• SOURCE DATA:

....................

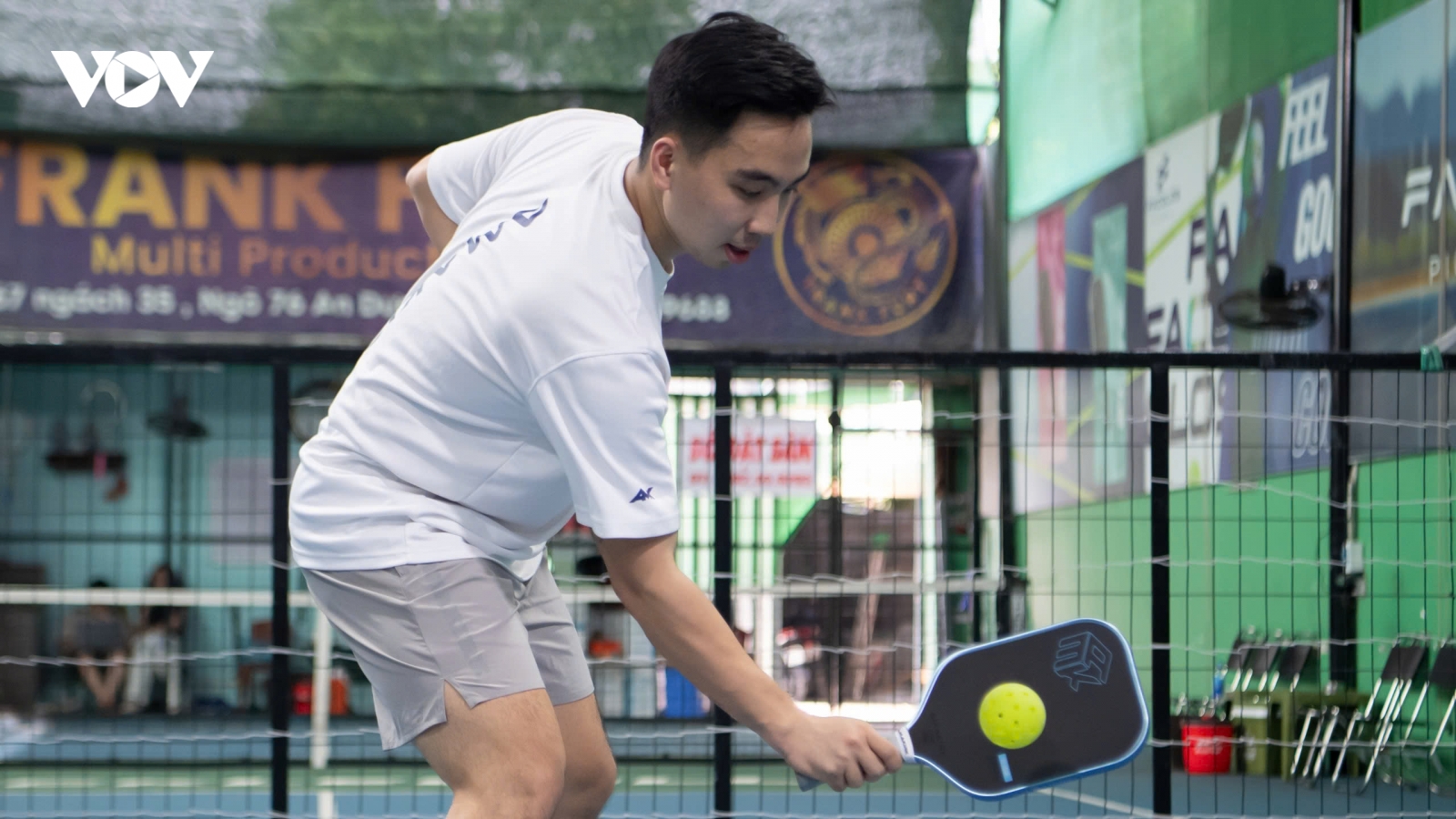 Nhập môn Pickleball: Hướng dẫn kỹ thuật Dink Topspin Backhand 2 tay từ Ô 1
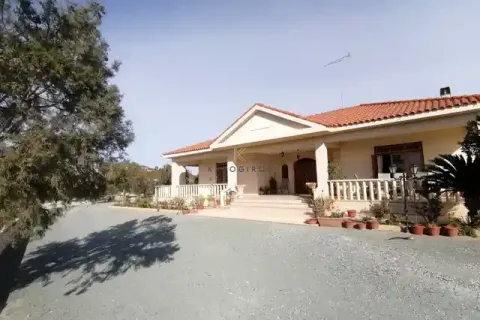 3 dormitorios House en Skarinou, Cyprus No. 40248 1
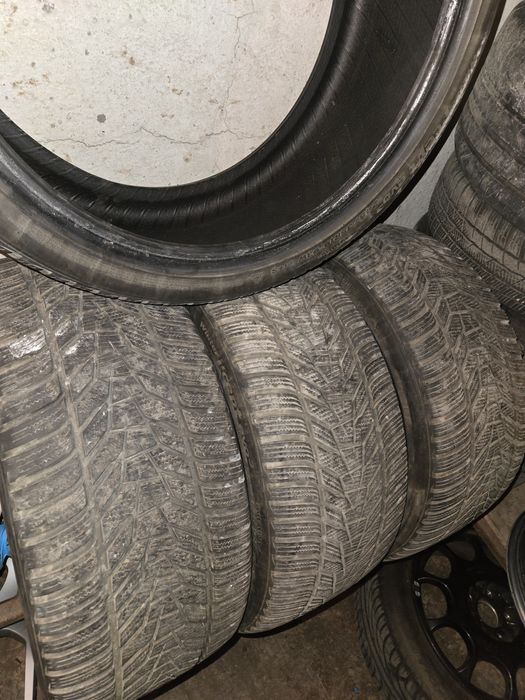 Зимни гуми ханкок 245/35/19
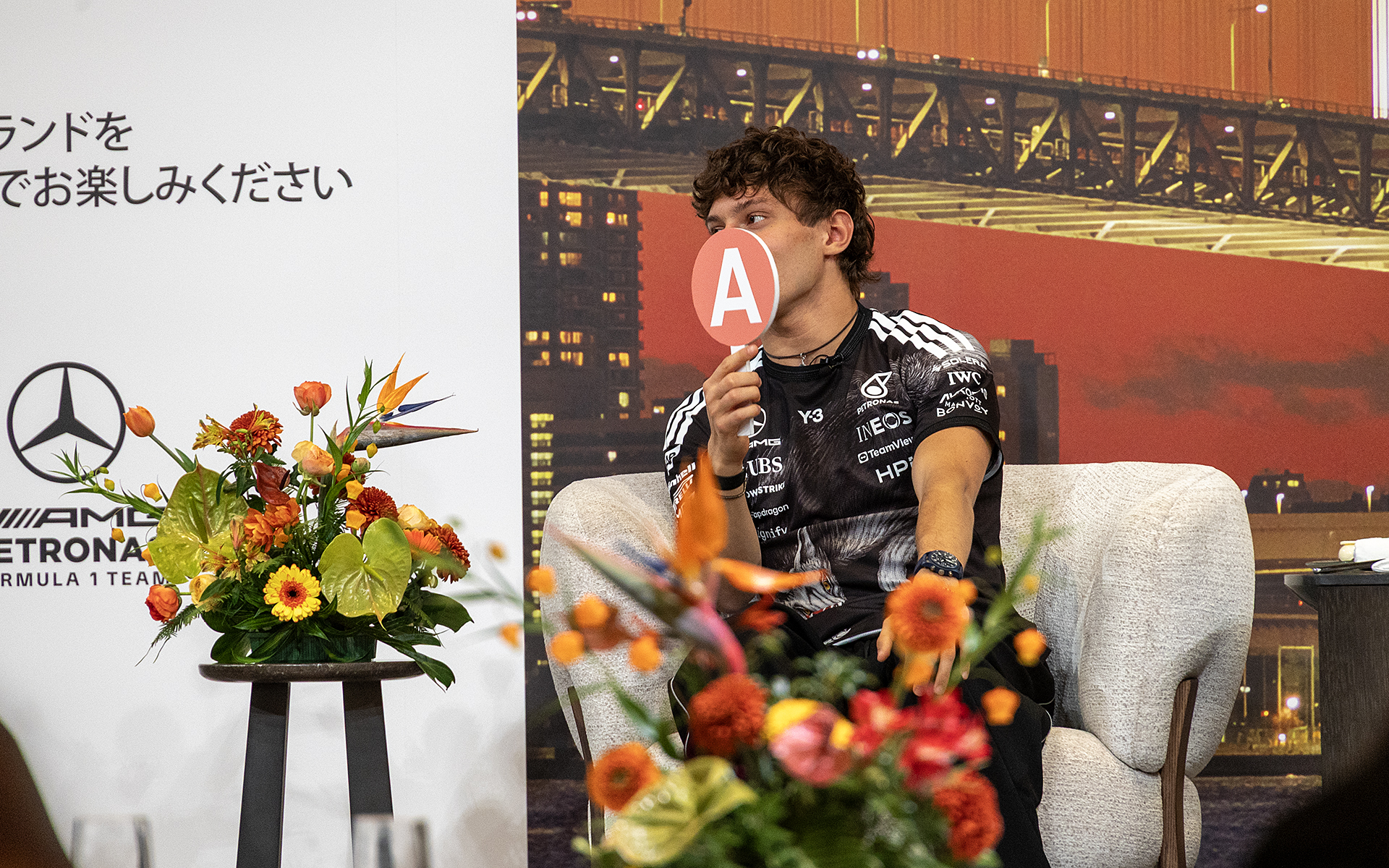 旅のスタイルに関する質問に対して2択で回答する場面もあった。バラエティー番組のような札を持つキミ・アントネッリ選手。なかなか見られないシーンだ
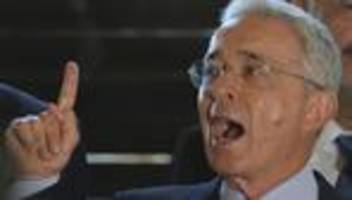 Álvaro Uribe: Kolumbiens Ex-Präsident Uribe zu zwölf Jahren Hausarrest verurteilt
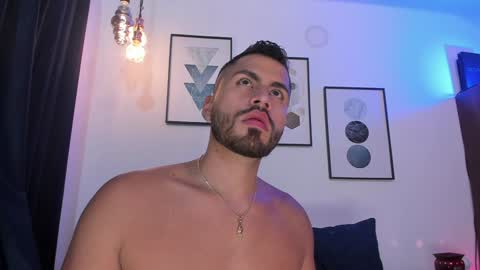 Snapshot of los_juanes chatting on 01-02-25, 08:35 JUAN JUAN online show from 01-02-25, 08:35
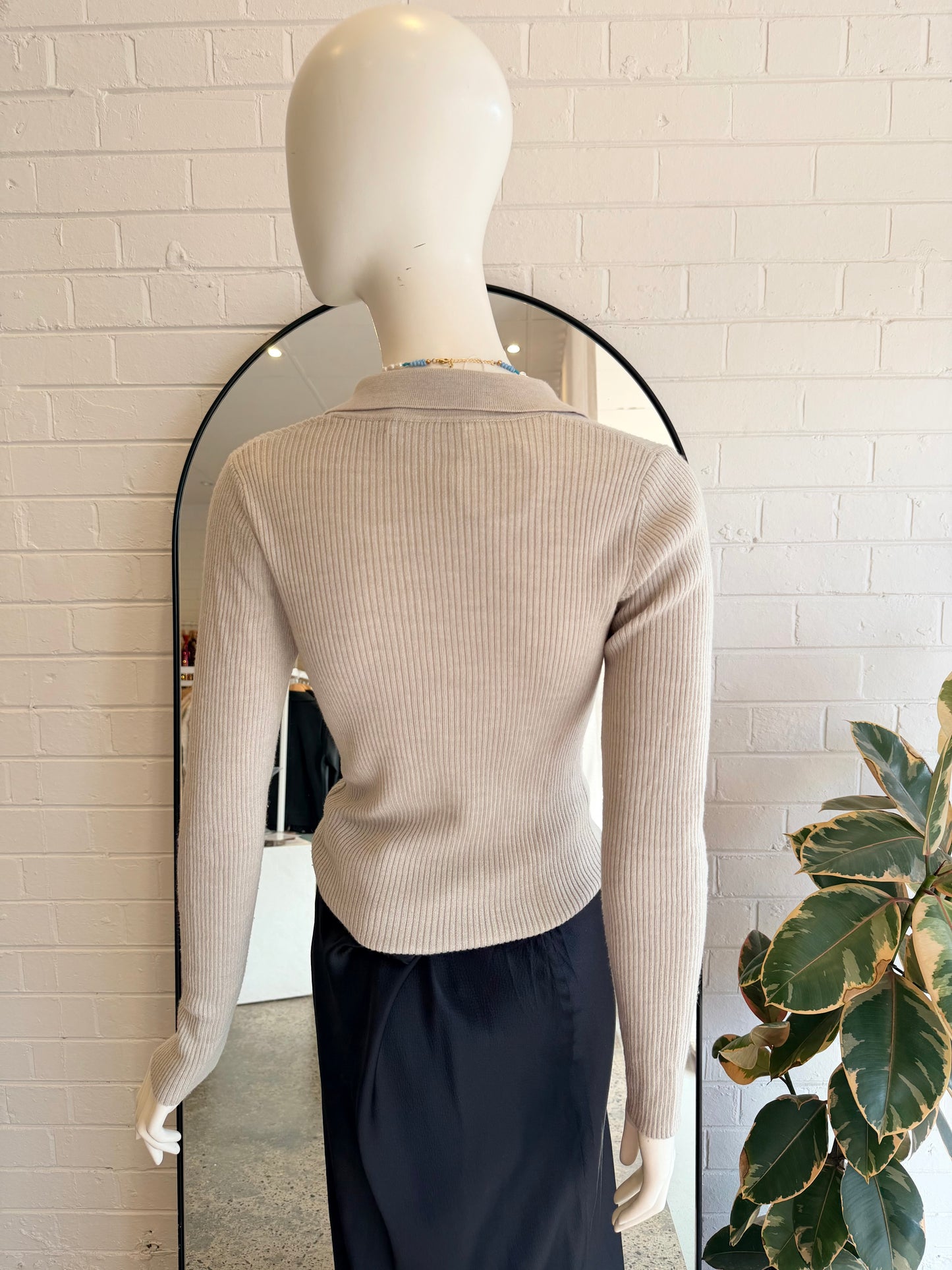 Sofia Irina Sage Knit Top - Size L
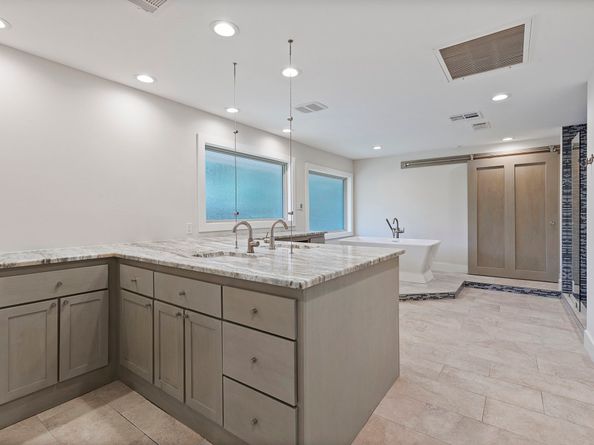 3322 N Braeswood Boulevard, Houston TX 77025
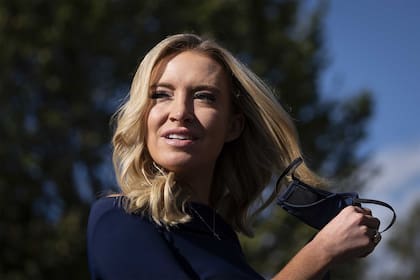 La secretaria de prensa de la Casa Blanca, Kayleigh McEnany, se saca el barbijo para hablar con periodistas, el jueves pasado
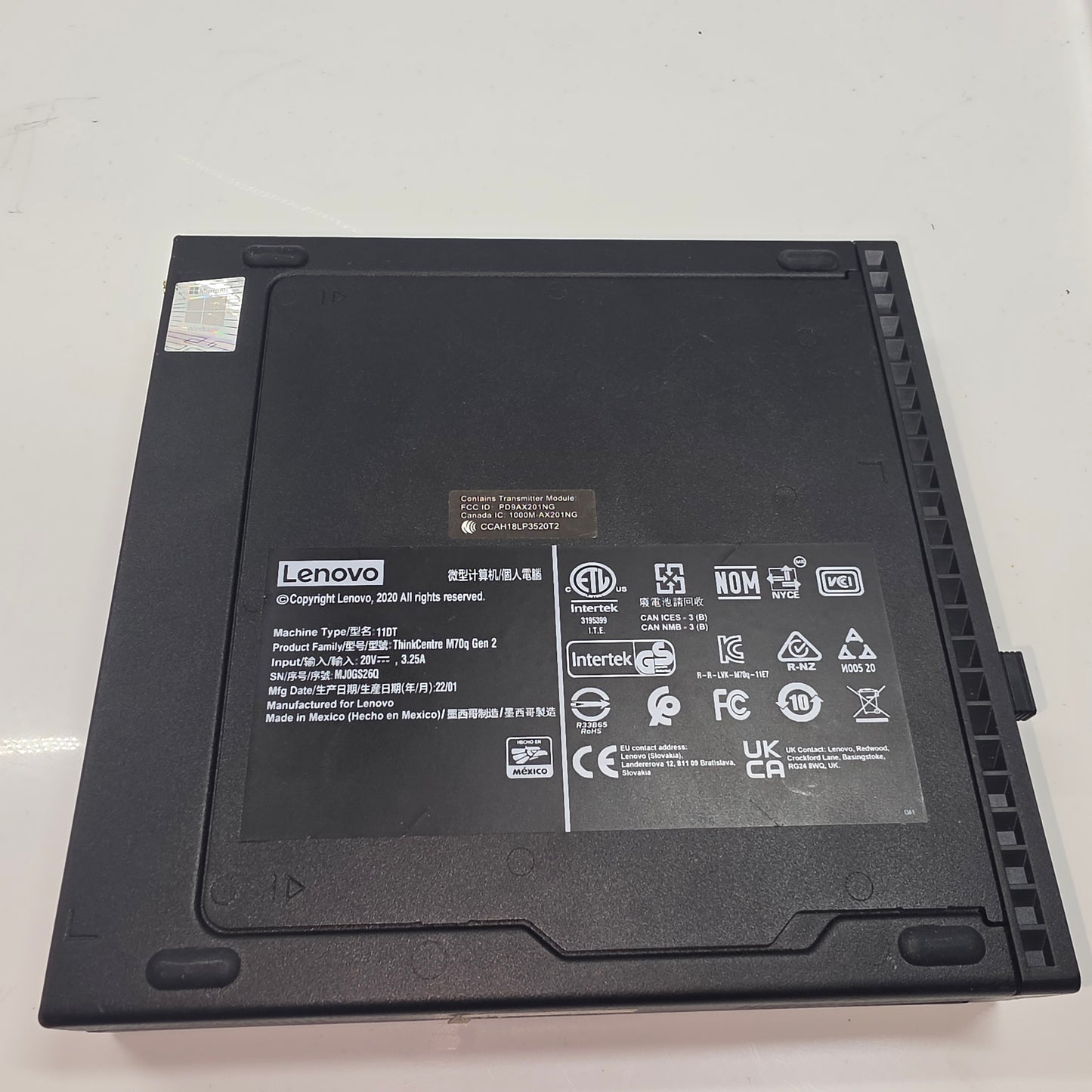 Lenovo ThinkCentre Core i5-8550 2.10GHz 8GB RAM 256GB SSD SSD UHD Graphics 630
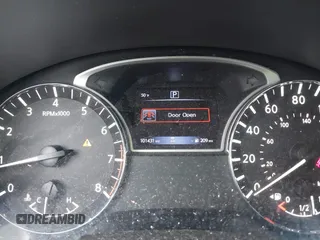 2018 Nissan Altima 2.5 SR with VIN 1N4AL3AP3JC101421, listed as a IAAI auction lot 41482620 with 101,431 mi miles. Bid and sale history available at carsss.com. Image 15.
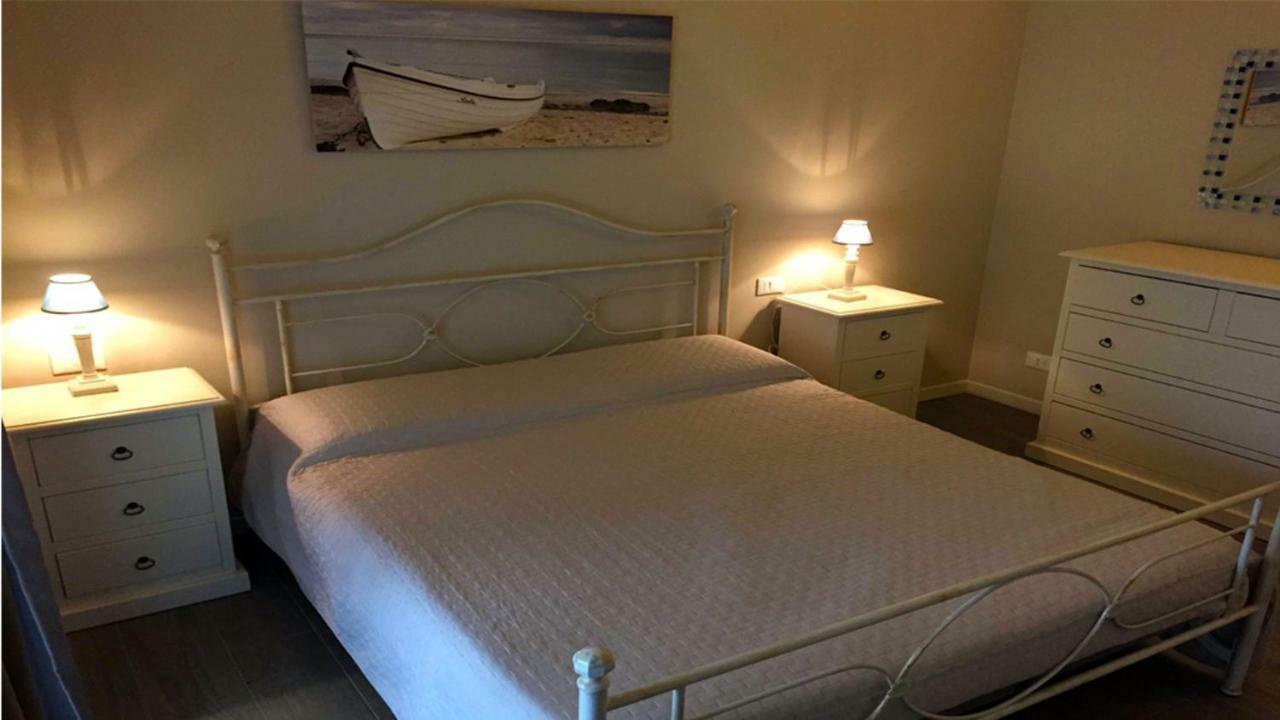 Residence Elegance Ville Ed Appartamenti A פורטו פינו מראה חיצוני תמונה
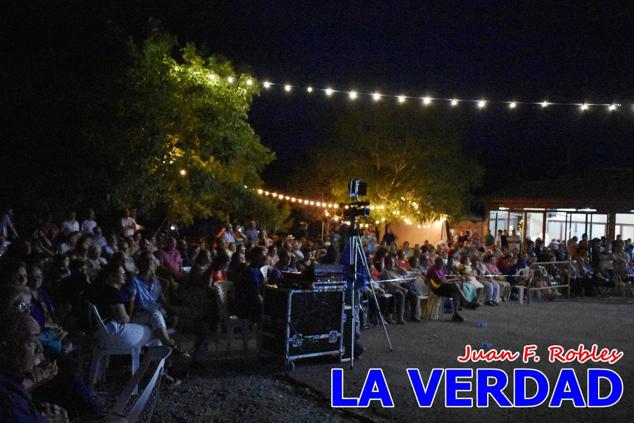 El pasado sábado, 30 de julio del 2022, en la explanada junto al Restaurante El Cortijo, en el Campo de San Juan, se celebró el XXX ENCUENTRO DE CUADRILLAS DE ANIMEROS EN EL NOROESTE MURCIANO. Las cuadrillas invitadas empezaron a llegar y a hacer música mientras se hacía la hora de degustar una merienda/cena que se les ofreció a las mismas. A continuación tuvo lugar el homenaje a Salvador Ondoño López, fallecido hace solo unos días.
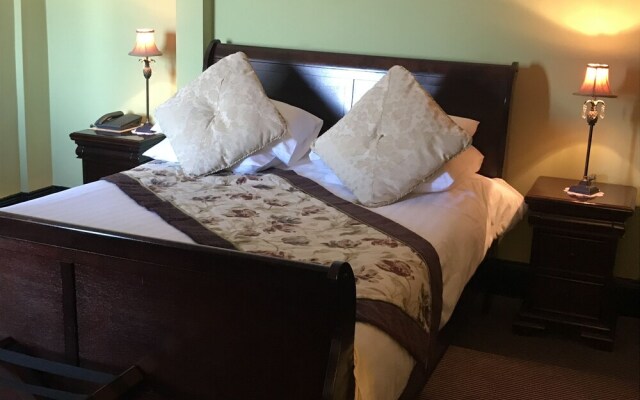 Knockninny Country House & Marina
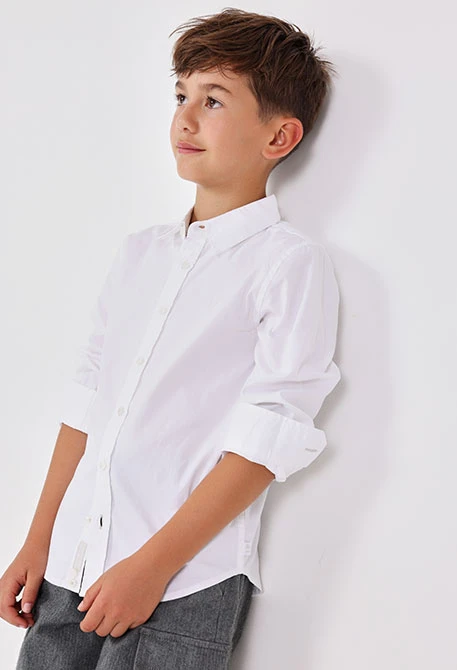 Camisa oxford para niño de manga larga en blanco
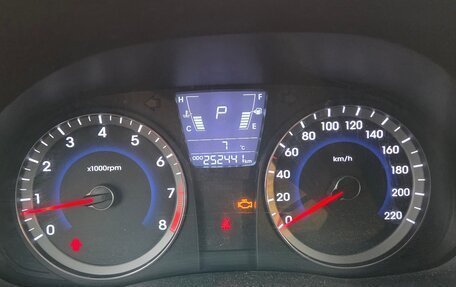 Hyundai Solaris II рестайлинг, 2012 год, 720 000 рублей, 6 фотография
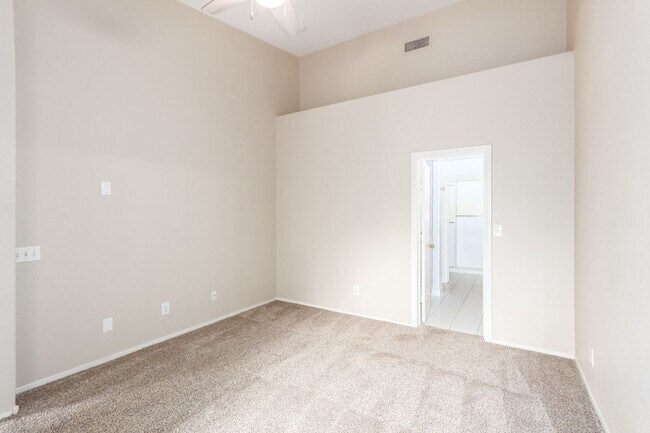 Building Photo - GATED SUMMERLIN CONDO/COMMUNITY POOL/SPA/ BASKETBALL COURT-2 CAR ATTACHED GARAGE!
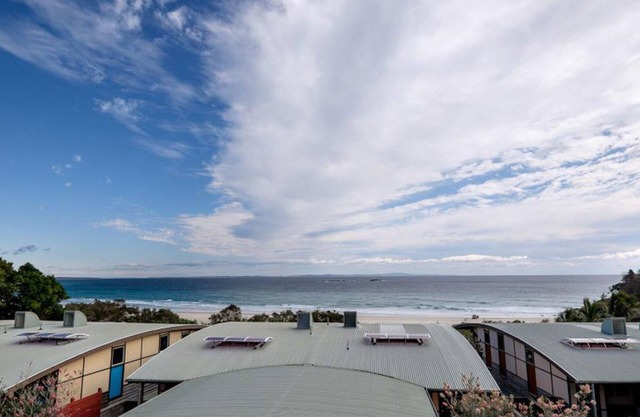 Claytons 8 | 3 bed, 2 bath, sensational views, no need for a car! Beachfront :)
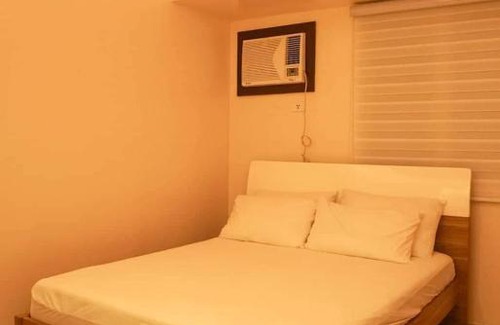 Taguig Apartamento | Kakak's and Theo's Home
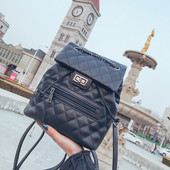 Стилна дамска раница в черен и кафяв цвят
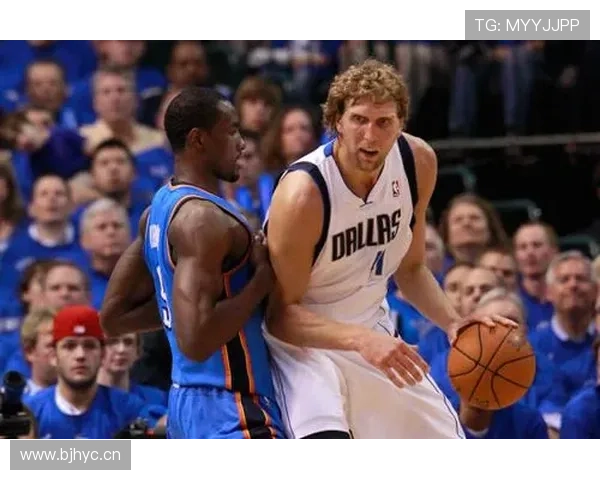 诺维茨基无球牵制改变防守布局，拉开空间助队提升进攻效率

....................

Give the listing above again exactly, minus any images.

• REPLY:
 Nhập môn Pickleball: Hướng dẫn kỹ thuật Dink Topspin Backhand 2 tay từ Ô 1
 3 dormitorios House en Skarinou, Cyprus No. 40248 1
 Зимни гуми ханкок 245/35/19
 旅のスタイルに関する質問に対して2択で回答する場面もあった。バラエティー番組のような札を持つキミ・アントネッリ選手。なかなか見られないシーンだ
 Álvaro Uribe: Kolumbiens Ex-Präsident Uribe zu zwölf Jahren Hausarrest verurteilt
 Snapshot of los_juanes chatting on 01-02-25, 08:35 JUAN JUAN online show from 01-02-25, 08:35
 Sofia Irina Sage Knit Top - Size L
 3322 N Braeswood Boulevard, Houston TX 77025
 La secretaria de prensa de la Casa Blanca, Kayleigh McEnany, se saca el barbijo para hablar con periodistas, el jueves pasado
 Lenovo ThinkCentre Core i5-8550 2.10GHz 8GB RAM 256GB SSD SSD UHD Graphics 630
 2018 Nissan Altima 2.5 SR with VIN 1N4AL3AP3JC101421, listed as a IAAI auction lot 41482620 with 101,431 mi miles. Bid and sale history available at carsss.com. Image 15.
 Residence Elegance Ville Ed Appartamenti A פורטו פינו מראה חיצוני תמונה
 El pasado sábado, 30 de julio del 2022, en la explanada junto al Restaurante El Cortijo, en el Campo de San Juan, se celebró el XXX ENCUENTRO DE CUADRILLAS DE ANIMEROS EN EL NOROESTE MURCIANO. Las cuadrillas invitadas empezaron a llegar y a hacer música mientras se hacía la hora de degustar una merienda/cena que se les ofreció a las mismas. A continuación tuvo lugar el homenaje a Salvador Ondoño López, fallecido hace solo unos días.
 Knockninny Country House & Marina
 Camisa oxford para niño de manga larga en blanco
 Hyundai Solaris II рестайлинг, 2012 год, 720 000 рублей, 6 фотография
 Building Photo - GATED SUMMERLIN CONDO/COMMUNITY POOL/SPA/ BASKETBALL COURT-2 CAR ATTACHED GARAGE!
 Claytons 8 | 3 bed, 2 bath, sensational views, no need for a car! Beachfront :)
 Taguig Apartamento | Kakak's and Theo's Home
 Стилна дамска раница в черен и кафяв цвят
 诺维茨基无球牵制改变防守布局，拉开空间助队提升进攻效率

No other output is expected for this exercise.